Germany faced the more serious problem by far, since a general continental war would compel her to fight simultaneously in the west and east. To win such a contest Germany had to desynchronize, as it were, the expected enemy offensives and dispose of them one at a time. Should France and Russia (and, after 1907, England) succeed in coordinating their strategies, Germany faced a bleak prospect, for even her superb army could not cope with the combined forces of the other two great land armies and the world’s leading naval power. This consideration lay behind the Schlieffen Plan, on which the German military set to work in 1895 and which it kept on perfecting down to the smallest detail until the outbreak of World War I. The Schlieffen Plan required that Germany crush France before Russia fully mobilized, and then rapidly shift the bulk of her armies to the east. Its essential feature, its very precondition, was speed: speed of mobilization, speed of offensive operations, and speed of troop transfers. The plan posited a slow pace of Russian mobilization, expected to require 105–110 days, compared with the 15 days estimated for the mobilization of German and Austrian armies.5 This disparity—on paper, as much as three months—offered the opportunity to defeat the French before the Russians were able to come to their assistance.

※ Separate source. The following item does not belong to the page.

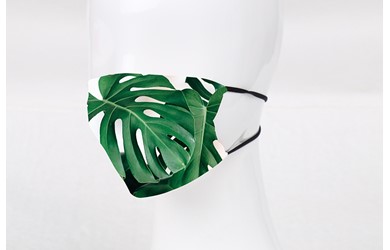 RPET Mondmasker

The Schlieffen Plan provided for up to nine-tenths of the German effectives being allocated to the Western Front. Outflanking the short, heavily fortified, and topographically difficult Franco-German border, the right wing was to execute a wheeling movement across Belgium, encircle and capture Paris, and trap the main French forces. While this decisive campaign was in progress, the Russians were to be held at bay by the main mass of the Austro-Hungarians, reinforced with one-eighth or one-ninth of the German army, deployed along the northeastern frontier and in East Prussia. The Schlieffen Plan called for the French campaign to be completed within forty days of mobilization, by which time the Russian army would have less than half of its manpower under arms. Mobilization was the critical factor: the instant the Russians began to mobilize, the Germans had to follow suit or risk the collapse of their entire war plan.
The Allied staffs knew, in broad outline, what the Germans had in mind.6 After many false starts, the French General Staff adopted what came to be known as Plan XVII. This provided for a defensive posture against the anticipated German thrust through Belgium accompanied by a vigorous assault on the linchpin of the German wheeling operation in the center. This attack was to penetrate German territory and, by threatening to cut off the enemy’s right wing, bring the German offensive to a halt.
The success of Plan XVII depended on Russian assistance. It posited that the Russians would threaten Berlin as soon as the German mobilization was completed—that is, by the fifteenth day of the war. The Russian assault was to compel the Germans to withdraw troops from the Western Front before the issue there had been decided and bring about Germany’s collapse.